# George Washington's Eggnog Recipe



## Christusregnat (Dec 19, 2009)

I know that I can make Christmas believers out of some of your heathen 

Here is George Washington's *Christmas *Eggnog Recipe (this is from his own recipe archives, although he forgot to mention how many eggs to use). 



> 1 pint brandy
> 1/2 pint rye whiskey
> 1/2 pint Jamaica rum
> 1/4 pint sherry
> ...



I have made it for three or four years running. You're welcome to come by and taste if you live in my area  I'm making it today, so it will be good to go by Thursday.

Cheers,


----------



## Backwoods Presbyterian (Dec 19, 2009)

By the way Adam I am downright giddy waiting for Ussher to show up on my doorstep.


----------



## Christusregnat (Dec 19, 2009)

Backwoods Presbyterian said:


> By the way Adam I am downright giddy waiting for Ussher to show up on my doorstep.

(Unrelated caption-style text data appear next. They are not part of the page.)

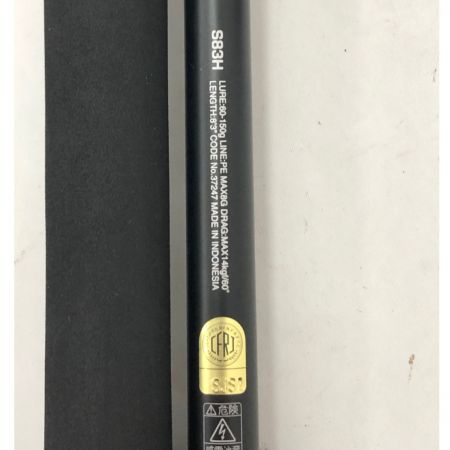  SHIMANO シマノ ルアーロッド オシアプラッガーフルスロットル ｵｼｱﾌﾟﾗｯｶﾞｰ ﾌﾙｽﾛｯﾄﾙ S83H 37247 竿袋付属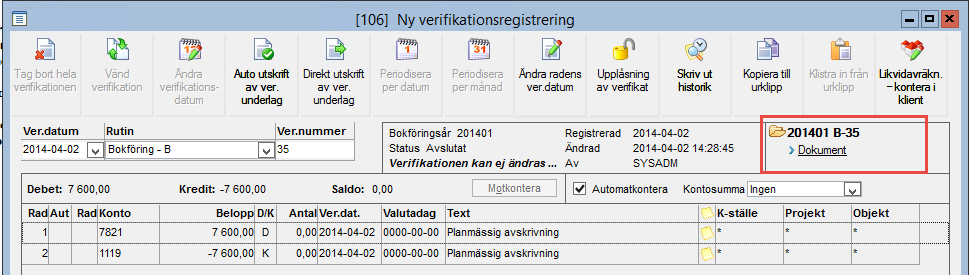 Görs sortering på information som gör att fakturan inte är samlad visas nu en inforuta om det gjorts delbetalningar på någon faktura, så kan de finnas på annat ställe i listan.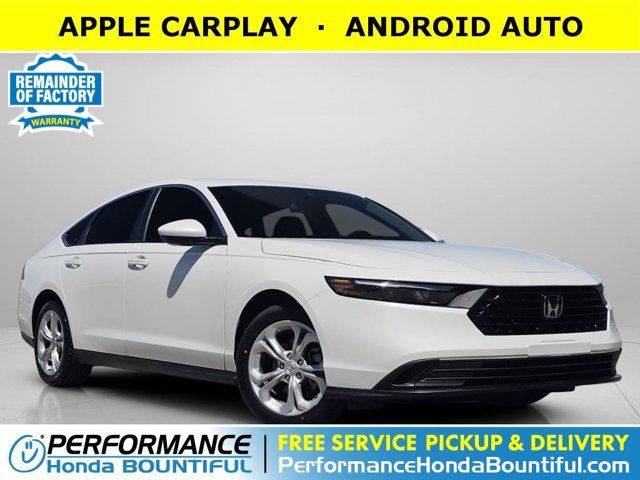 2024 Honda Accord LX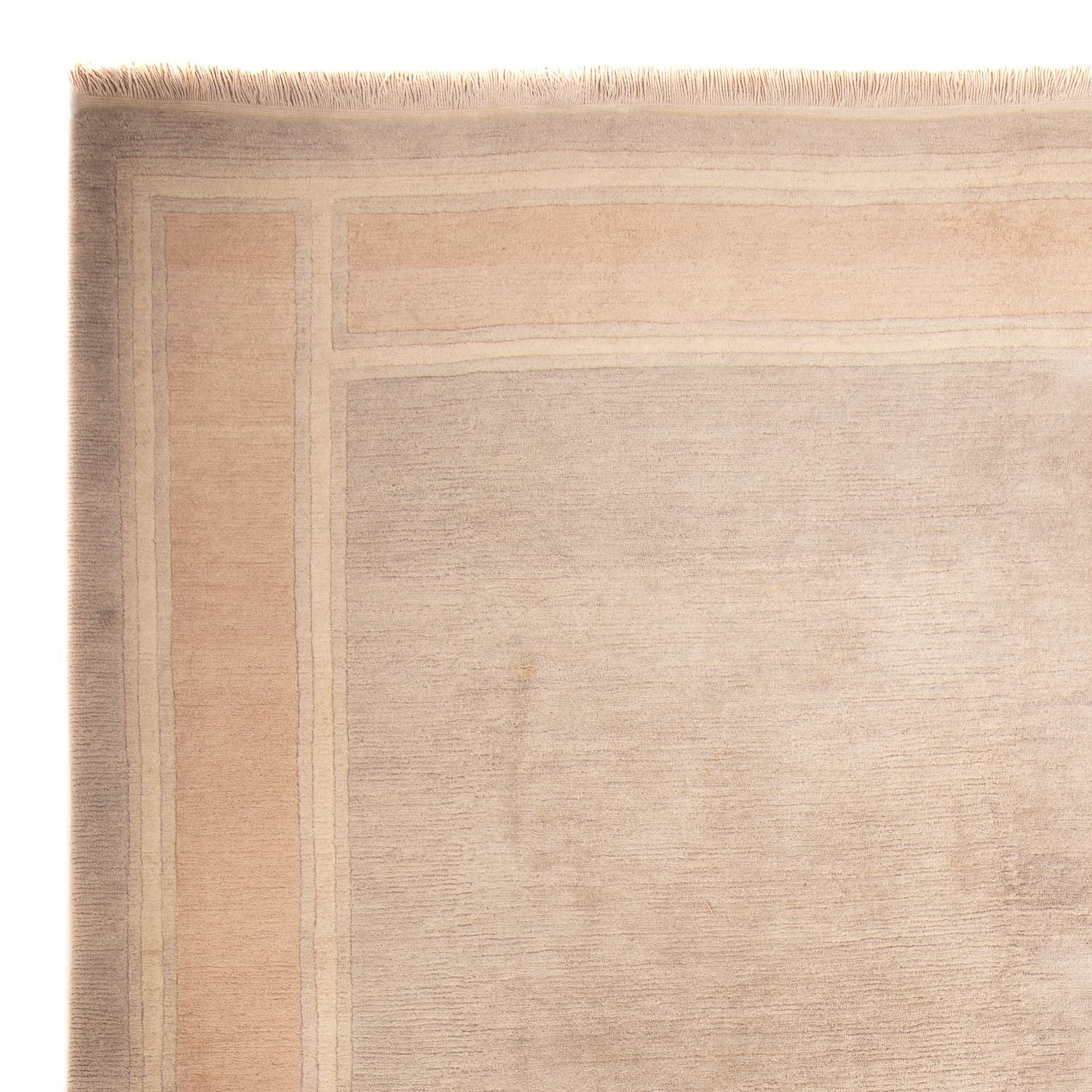 Nepal Tæppe - 358 x 248 cm - beige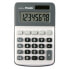 MILAN Blister Pack Grey 8 Digit Calculator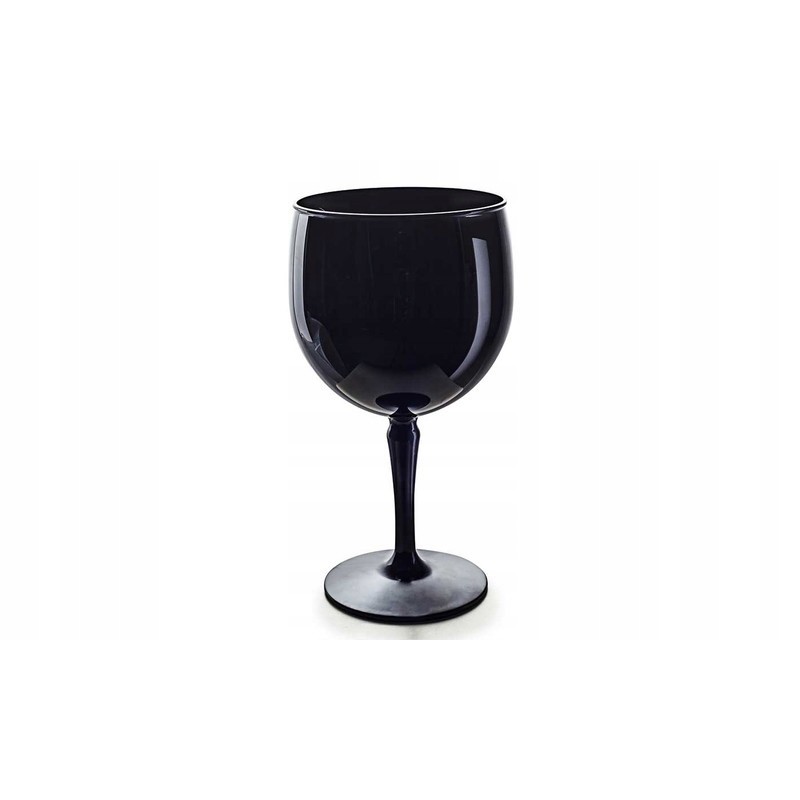 Gin glass, black, 400ml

Good stuff to be giddy about!

You can enjoy some Ussher with a strong bit of Washington's eggnog!

Cheers,


----------



## Kevin (Dec 20, 2009)

Adam, how many eggs do you use?


----------



## Christusregnat (Dec 20, 2009)

Kevin said:


> Adam, how many eggs do you use?



Kevin,

I use a dozen. This generally makes for an easier time consuming, although it is still pretty high octane. For a more mellow flavor (alcohol wise), I'd recommend 18 - 24, depending on your potable audience 

I also use a touch of cinnamon, ginger, allspice, and clove with the egg yokes, before the sugar. Then, after all of the mixing is done, I add a couple of cinnamon sticks.

If you end up trying, let me know how it turns out.

God bless, and Cheers,

Adam


----------